The high volcanic ridge of Blackford Hill and the deep rocky gorge of the Hermitage of Braid have exciting stories to tell about Edinburgh’s geological past. We can find evidence of different types of volcanic eruptions more than 400 million years ago, forming the tough igneous rock of the Pentland, Braid and Blackford Hills. Much more recently, this area has been swept many times by great ice sheets advancing from the west, picking out the contrasts between different rock layers and leaving us with Edinburgh’s raw and spectacular scenery.

The andesite lava dome of the currently active volcano in Montserrat, Eastern Caribbean.

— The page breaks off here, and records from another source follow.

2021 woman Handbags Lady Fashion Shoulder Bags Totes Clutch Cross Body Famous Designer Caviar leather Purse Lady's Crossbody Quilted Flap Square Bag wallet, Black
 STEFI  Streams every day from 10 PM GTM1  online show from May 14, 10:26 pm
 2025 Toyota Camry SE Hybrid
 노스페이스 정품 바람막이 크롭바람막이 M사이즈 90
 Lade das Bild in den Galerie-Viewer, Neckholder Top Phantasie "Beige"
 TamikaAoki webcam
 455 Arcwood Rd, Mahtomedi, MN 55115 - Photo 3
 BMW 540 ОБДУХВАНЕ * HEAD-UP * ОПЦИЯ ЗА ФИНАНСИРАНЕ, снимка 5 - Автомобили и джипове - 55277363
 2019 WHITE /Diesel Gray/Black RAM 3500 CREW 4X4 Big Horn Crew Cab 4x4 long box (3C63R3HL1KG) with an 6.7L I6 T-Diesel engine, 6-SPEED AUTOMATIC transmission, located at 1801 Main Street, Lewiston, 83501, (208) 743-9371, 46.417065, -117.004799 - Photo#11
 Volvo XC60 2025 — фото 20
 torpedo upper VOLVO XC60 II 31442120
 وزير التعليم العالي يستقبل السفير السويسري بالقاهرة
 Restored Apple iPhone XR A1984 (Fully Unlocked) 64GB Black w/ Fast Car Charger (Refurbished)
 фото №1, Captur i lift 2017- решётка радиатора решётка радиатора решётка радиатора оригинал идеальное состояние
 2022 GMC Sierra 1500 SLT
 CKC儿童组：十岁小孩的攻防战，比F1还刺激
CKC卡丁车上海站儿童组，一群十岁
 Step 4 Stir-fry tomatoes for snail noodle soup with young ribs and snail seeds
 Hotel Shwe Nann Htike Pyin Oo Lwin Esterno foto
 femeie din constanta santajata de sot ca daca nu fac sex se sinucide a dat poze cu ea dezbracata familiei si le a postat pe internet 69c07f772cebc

The andesite lava dome of the currently active volcano in Montserrat, Eastern Caribbean.

A new project this winter will attempt to tell these stories in a more engaging way, taking visitors back into the past to imagine the amazing, powerful events that have created Blackford Hill and the Hermitage. Volunteers from Lothian and Borders GeoConservation (a committee of the Edinburgh Geological Society) will produce a new geology leaflet and investigate other ways of sharing these stories. We will seek advice from volcano and ice age experts and find modern analogues for the processes that happened here in the past.

What did the landscape look like when the Blackford Hill volcano was erupting?

Can we find a glacial drainage channel somewhere in the world that looks like the Hermitage gorge in full flow?